Clinton and the backseat
WASHINGTON
One of the more fascinating rites of our constitutional democracy is the transfer of political leadership from the incumbent president to the incumbent vice president. That has happened four times in the past 40 years.
Ideally, it should work like a smooth rocket launch. The booster provides propulsion and then drops off. Yet, because of strong egos and sometimes strained relationships, the transfer is usually attended by a certain amount of tension.
President Eisenhower is remembered in history for his antipathy to Vice President Richard Nixon. Having come so close to dropping him from the 1952 ticket because of a "slush fund" allegation, Eisenhower was reluctant to delegate responsibilities to him during their two terms together. In 1960, he tried to derail Nixon's nomination to the presidency.
Asked at a news conference in August of some contribution that Nixon had made, the president irately replied, "If you give me a week, I might think of one. I don't remember." Later, he told a biographer that he found "some lack of warmth" in his vice president.
The president attended the Republican convention in Chicago only for the opening-day "Thank You, Ike" session, and sent a telegram of congratulations when Nixon was nominated.
President Lyndon B. Johnson, having decided not to seek reelection, stayed away from the 1968 Democratic convention in Chicago altogether. But, from his ranch in Texas, he exerted enormous pressure on Vice President Hubert H. Humphrey not to budge from the hawkish White House position on the Vietnam War, threatening a drying-up of campaign funds.
The loyal Humphrey extolled Johnson in his acceptance speech. The contemptuous Johnson telegraphed an endorsement two weeks later.
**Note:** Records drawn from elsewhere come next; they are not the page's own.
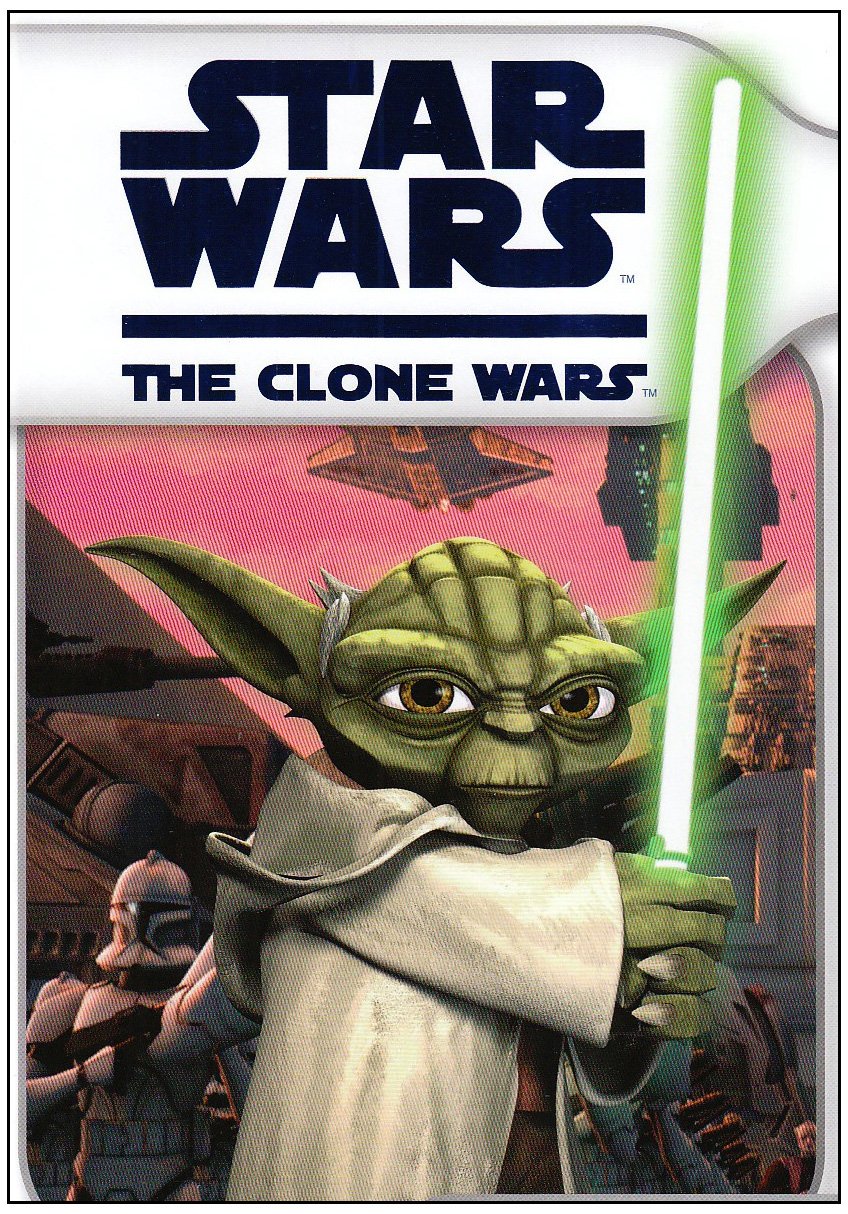 L'aventure Jedi continue ! 9782012264274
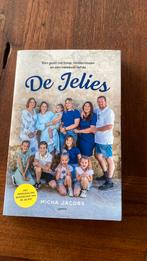 De Jelies, Diverse, Overige, Ophalen of Verzenden, Zo goed als nieuw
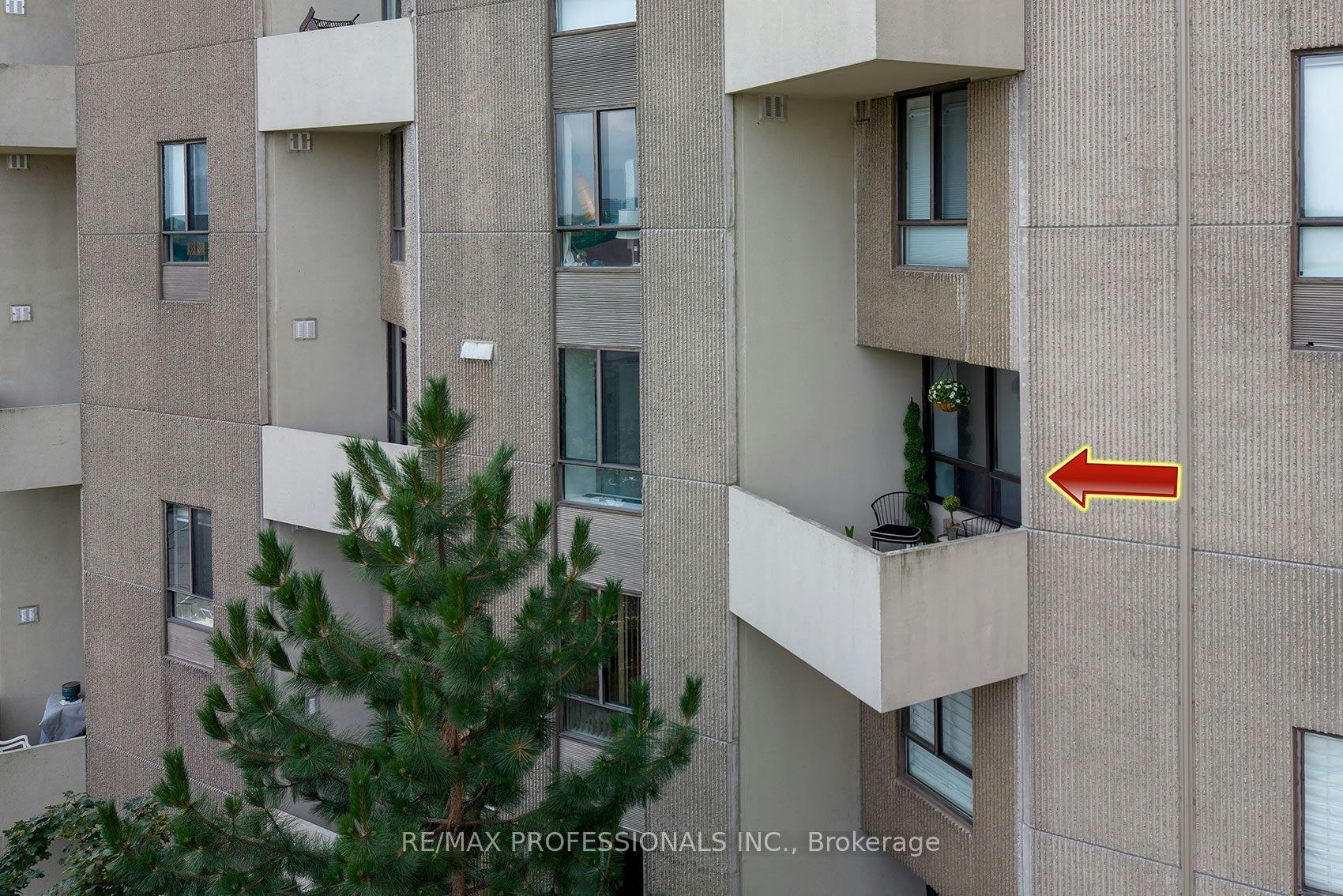 B1-284 Mill Road, Toronto, ON, M9C 4W6 - 9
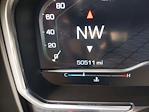 2023 GMC Sierra 1500 Crew Cab 4x4 Pickup for sale #19G8128A - photo 31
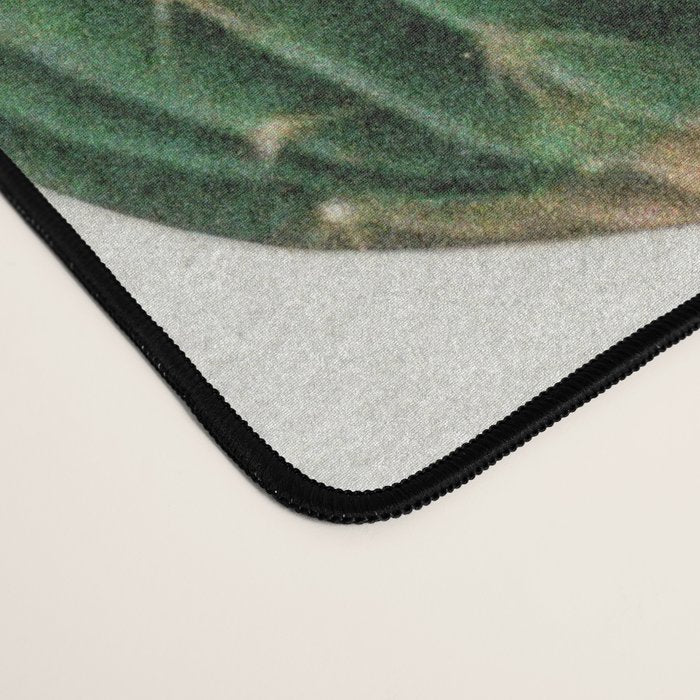 Cactus Garden Desk Mat Gallery Image 4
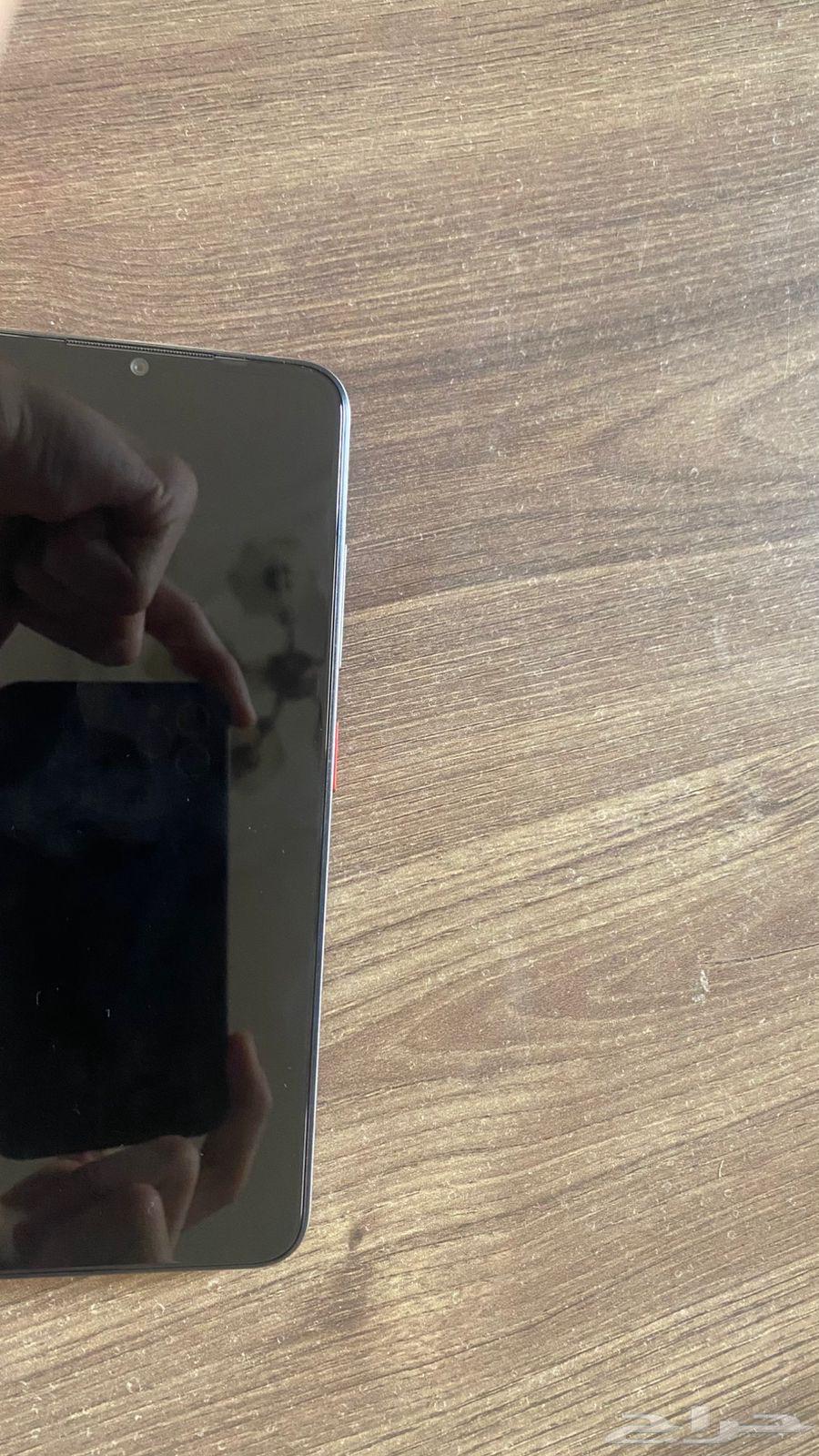 جوال64255240870787111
In 1988, there was tension between President Ronald Reagan and Vice President George Bush over issues like the Iran-contra scandal. Mr. Reagan gave a brief endorsement of his eight-year companion in a speech to a Republican fundraising dinner. It sounded so perfunctory that the White House next day represented the president as "mortified" that his endorsement had been taken as "lukewarm."
President Clinton's problem in the rite of passage wasn't any particular discord with Vice President Gore, but that he does not play second fiddle very well. Mr. Clinton was presumably trying to help his No. 2 when, four days before the Los Angeles convention, he told evangelical ministers in Illinois that Mr. Gore should not be blamed for Clinton's "mistakes."
That only served to keep the president front and center in the media, diverting attention from the nominee. His appearances over the ensuing weekend at fundraisers for his library and his wife's Senate race gave him further exposure - at Gore's expense. And so, on to the convention, where Clinton offered strong praise for Gore amid lavish praise for his own record.
Finally, on Tuesday, the president ceremoniously passed the torch to Gore in Monroe, Mich., with a six-minute speech - possibly the shortest of his career. It must have been a bittersweet experience.
Unlike Presidents Eisenhower, Johnson, and Reagan, Clinton does not have a problem of ambivalent feelings about his co-pilot taking off on his solo flight. Clinton's problem seems simply to be a constitutional inability to take a back seat.